During Bush’s presidency conservatives often pointed out what liberals like to point out now: by historical standards, these are impressively low numbers, especially given the magnitude of such a sustained projection of force into a such an intransigently hostile land.Of course, they’re both right. But what sanctifies the sacrifice is a commitment to a greater purpose, some sense of triumph articulate enough that it will be known when seen. Obama’s narrative was always as conscientious objector on the Iraq war and a patriot on Afghanistan: the former was an exercise in oil hungry imperialism and the latter a “just” war, imposed by necessity, certainly enough to stir righteous resignation, if not indignation. His tipping of the hat to the recalcitrant anti-war crowd was always his conviction’s expiration date; we’ll decamp as soon as politically possible, victors in speech if we can’t muster it in deed. In the age of self-esteem, maybe it’s enough to simply announce our mission accomplished to feel the gratification of accomplishment. In this sense,we can have a truly postmodern presidency.
Now, Obama’s latest ad celebrates the savings of our withdrawal:
“As we end the war in Afghanistan let’s apply the savings to pay down our debt and the rest for some nation building right here at home.”

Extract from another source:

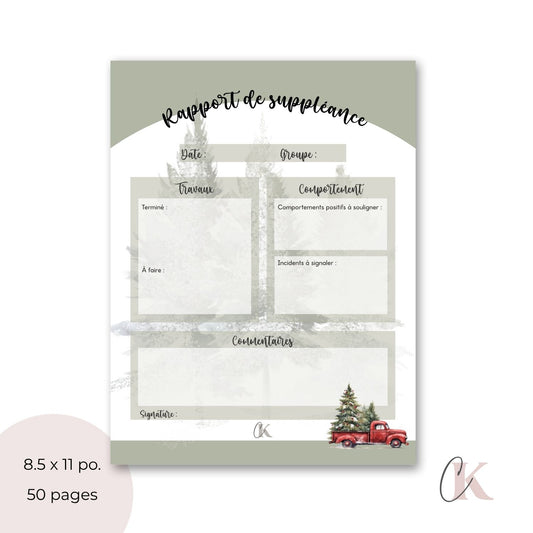 Rapport de suppléance | Thème de Noël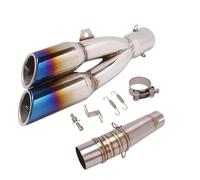 RORVECQ For NC700 NC700X NC700S NC750 NC750X NC750S 2012-2023 Motorcycle Exhaust Escape Middle Link Pipe Double Holes Muffler(Style D)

Let’s set aside minor quibbles for now like: how is this “our” debt, promiscuously assumed by his profligate administration? And “nation building at home”? This seems to imply the US is a developing country in need of sweeping structural reform rather than the unleashing of its recently corseted potential. Much more importantly, what justifies our departure from Afghanistan now? By what metric for success, can we reasonably declare our mission accomplished? And if we have not “won”, then why isn’t our departure a premature surrender? Obama committed 30,000 new troops to the surge strategy, ensuring that more Americans would die in harm’s way. If he never believed in the mission, if he always preferred to earmark this money for whatever domestic stimulus, then why march our troops to their graves?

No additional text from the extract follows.